Impugnação esta que tinha sido interposta por A…………, S.A., N.I.F. ………, com sede na Rua ………, n.º ……, 1269-…… Lisboa.

O Recorrente não se conforma com a parte da decisão em que foi condenada no pagamento dos juros indemnizatórios.

O Recurso foi admitido, com subida imediata nos próprios autos e com efeito meramente devolutivo.

Notificada da sua admissão, apresentou alegações, que rematou com as seguintes conclusões:

«(…) I – É entendimento da Fazenda Pública que a douta sentença a quo, na parte que respeita à condenação no pagamento de juros indemnizatórios à Impugnante, nos termos do disposto no artigo 43.º da LGT, não faz uma correcta aplicação das normas legais aplicáveis ao caso sub judice, incorrendo em errado julgamento de direito e violação das normas dos n.ºs 1 e 2 daquele preceito legal, por não se verificarem os pressupostos de que depende o pagamento de juros indemnizatórios por parte da Administração Tributária.

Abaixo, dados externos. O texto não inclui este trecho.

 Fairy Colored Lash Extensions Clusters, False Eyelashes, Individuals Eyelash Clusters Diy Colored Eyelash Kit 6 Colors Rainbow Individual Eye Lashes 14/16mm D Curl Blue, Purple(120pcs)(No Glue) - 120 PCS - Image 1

II – O reconhecimento do direito aos referidos juros, de acordo com o disposto no n.º 1 do artigo 43.º da LGT, está dependente da determinação em sede de reclamação graciosa ou de impugnação judicial da existência de erro imputável aos serviços, e, tratando-se de erro na autoliquidação, impõe o n.º 2 do mesmo normativo que este tenha resultado de orientações genéricas emitidas pela administração tributária.

III – Ora, resulta do probatório que estamos perante uma situação de autoliquidação de IRC, referente ao exercício de 2008, resultante do preenchimento da declaração de rendimentos de IRC efetuada pela Impugnante, na qual esta procedeu ao apuramento da tributação autónoma correspondente ao exercício em análise, tudo em cumprimento das correspondentes normas legais previstas no CIRC.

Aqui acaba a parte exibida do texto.